Events

DMS Colloquium: Yuesheng Xu

Time: Nov 03, 2023 (04:00 PM)
Location: 010 ACLC

Details:

Refreshments 3:30 p.m., Parker 244

 

yueshengxu.jpg 

Speaker: Yuesheng Xu

Title: Multi-Grade Deep Learning and its Application in Solutions of Nonlinear Differential Equations
 
 
Abstract: The great success of deep learning has been widely recognized. From a mathematical perspective, such successes are mainly due to the powerful expressiveness of deep neural networks in representing a function. Deep learning requires solving a nonconvex optimization problem of a large size to learn a deep neural network. The current deep learning model is of a single-grade, that is, it learns a deep neural network by solving a single nonconvex optimization problem. When the layer number of the neural network is large, it is computationally challenging to carry out such a task efficiently.

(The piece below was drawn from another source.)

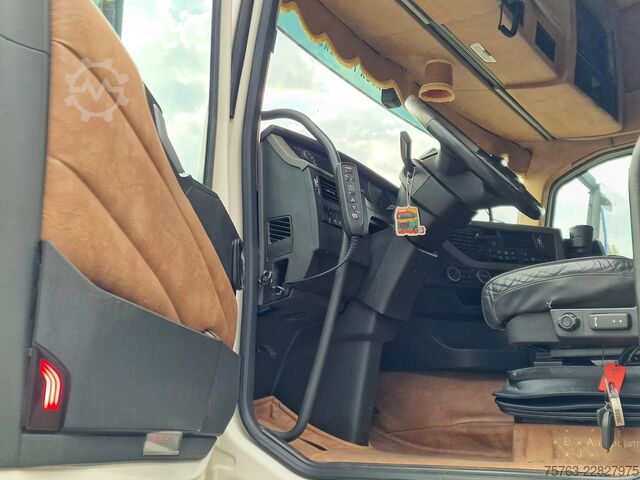 Viehtransport Volvo FH 13.500 Globetrotter 8x2*6 - 3 deck livestock...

The complexity of the task comes from learning all weight matrices and bias vectors from one single nonconvex optimization problem of a large size. Inspired by the human education process which arranges learning in grades, we propose a multi-grade learning model: Instead of solving one single optimization problem of a large size, we successively solve a number of optimization problems of small sizes, which are organized in grades, to learn a shallow neural network for each grade. Specifically, the current grade is to learn the leftover from the previous grade. In each of the grades, we learn a shallow neural network stacked on top of the neural network,  learned in the previous grades, which remains unchanged in training of the current and future grades. By dividing the task of learning a deep neural network into learning several shallow neural networks, one can alleviate the severity of the nonconvexity of the original optimization problem of a large size. When all grades of the learning are completed, the final neural network learned is a stair-shape neural network, which is the superposition of networks learned from all grades. Such a model enables us to learn a deep neural network much more effectively and efficiently. We provide several numerical examples of numerical solutions of the Burger equation (1D-3D), which demonstrate that the proposed multi-grade model significantly outperforms the traditional single-grade model.